## Data Importation

In [None]:
import pandas as pd
import matplotlib.pyplot as plt

# Load in the dataset
df = pd.read_csv("original_dataset.csv")

# Display basic information about the dataset
df.info()


The original dataset was loading into a Pandas Dataframe. Based off of the `.info()`, the dataset contains 6,607 records and 20 columns and the data types were identified, a mix of numerical and categorical values.

**Numerical Values**
* `Hours_Studied`
* `Attendance`
* `Sleep_Hours`
* `Previous_Scores`
* `Tutoring_Sessions`
* `Physical_Activity`
* `Exam_Score`

**Categorical Values**
* `Parental_Involvement`
* `Access_to_Resources`
* `Extracurricular_Activities`
* `Motivation_Level`
* `Internet_Access`
* `Family_Income`
* `Teacher_Quality`
* `School_Type`
* `Peer_Influence`
* `Learning_Disabilities`
* `Parental_Education_Level`
* `Distance_from_Home`
* `Gender`

## Initial Exploration

We first looked at the dataset using `.describe()` to generate a statistical summary of the numerical columns. A histogram and box plot were used to look at the exam score distributions and see if there any outliers. 

In [None]:
# Create summary statistics for numerical columns
df.describe()

In [None]:
# Plot 1: Histogram of Exam Score
plt.figure(figsize=(8, 6))
plt.hist(df['Exam_Score'], bins=30, edgecolor='black')
plt.title('Distribution of Exam Scores')
plt.xlabel('Exam Score')
plt.ylabel('Frequency')
plt.show()

### Plot 1 Insights
* The bell-shaped curve suggests that most of the students are performing within a similar range, 60-75 with some outliers.
* The peak of the plot is around 67 which aligns with the mean from the statistical summary above for the `Exam_Score`.
* There are a few outliers slightly above 100. 

In [None]:
# Plot 2: Box Plot of Exam Score by Parental Involvement
plt.figure(figsize=(8,6))
categories = df['Parental_Involvement'].dropna().unique()
data_to_plot = [df[df['Parental_Involvement'] == cat]['Exam_Score'] for cat in categories]
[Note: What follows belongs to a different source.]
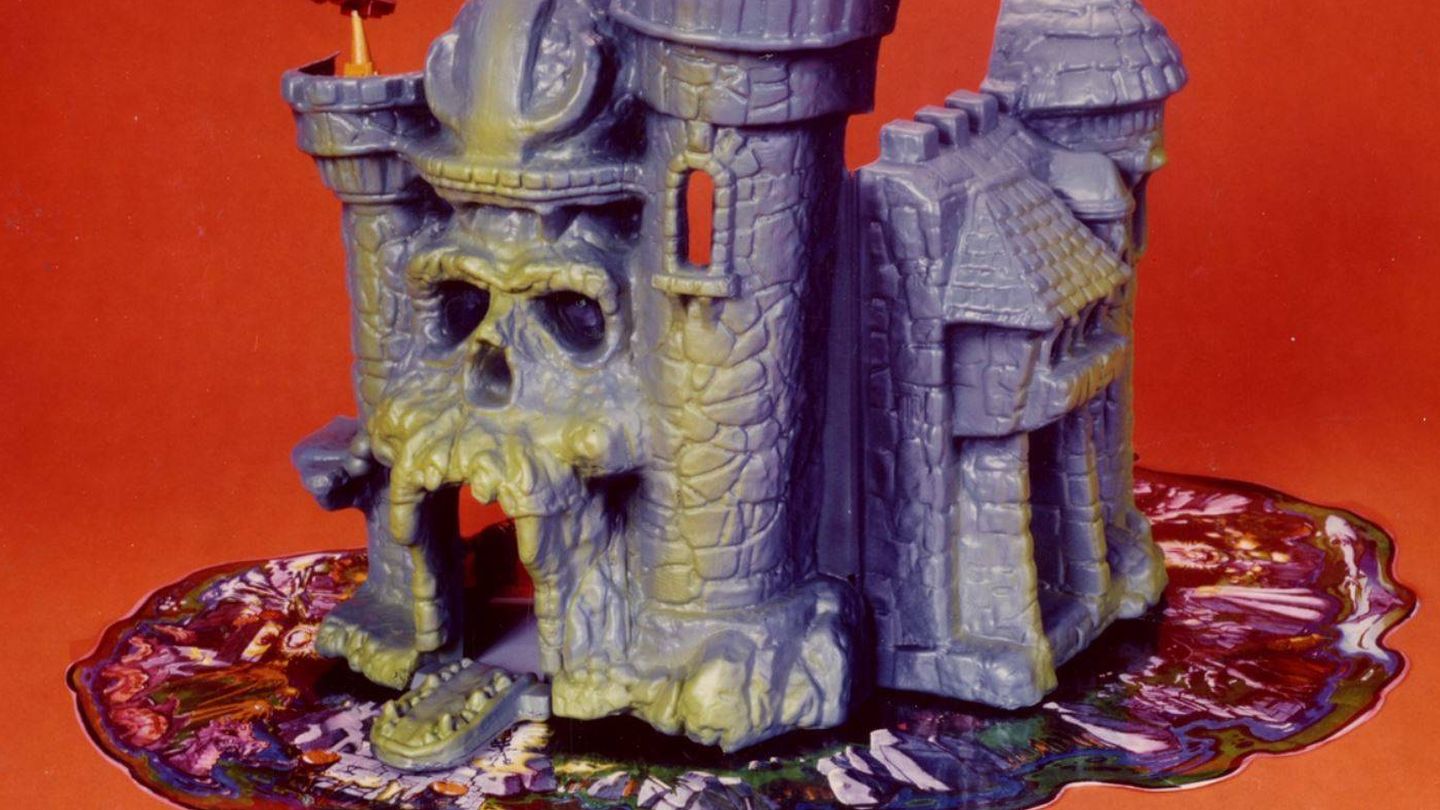 El castillo de Grayskull: al principio fue diseñado demasiado pequeño para que cupieran los personajes.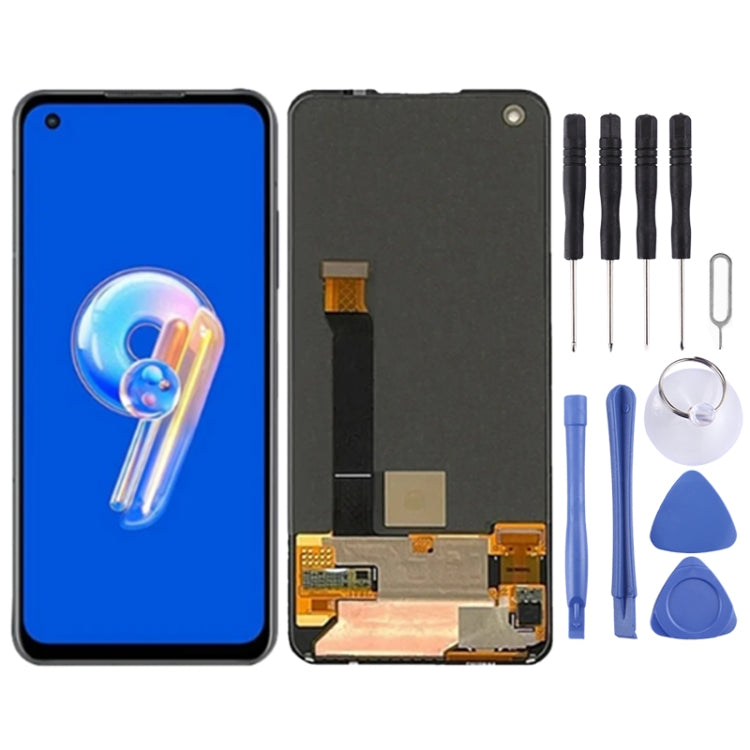 Super AMOLED LCD Screen For Asus Zenfone 9 AI2202-1A006EU AI2202 With Digitizer Full Assembly – Durable Build, Easy to Use, For Asus Zenfone 9 For Asus Zenfone 9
plt.boxplot(data_to_plot, labels=categories)
plt.title('Exam Score by Parental Involvement')
plt.xlabel('Parental Involvement')
plt.ylabel('Exam Score')
plt.grid()
plt.show()

### Plot 2 Insights
* Students with **High** parental involvement tend to score better with the highest median exam scores, then **Medium**, and lastly **Low**, which suggests that there is a positive relationship between parental involvement and exam scores.
* Each group contains several outliers towards the higher end of exam scores. This shows that there are students who are performing well regardless of how involved their parents are or possible just some inconsistencies in reporting and grading. 

## Cleaning Dataset

### Missing Data:
There were three columns that had missing values:
* Teacher_Quality - 78
* Parental_Education_Level - 90
* Distance_from_Home - 67

For these missing values, we used **mode** because the mode represents the most common and likely value.

### Outliers:
We saw from two plots that there were some exam scores that were above 100. To avoid these outliers, we chose to cap the scores at 100 so that we could still maintain our full dataset. 

In [None]:
# Check for any missing values
missing_values = df.isnull().sum()

print(f"Missing Values per Column:\n", missing_values)

In [7]:
# Represent any missing cateogrical values with the mode
df['Teacher_Quality'].fillna(df['Teacher_Quality'].mode()[0])
df['Parental_Education_Level'].fillna(df['Parental_Education_Level'].mode()[0])
df['Distance_from_Home'].fillna(df['Distance_from_Home'].mode()[0])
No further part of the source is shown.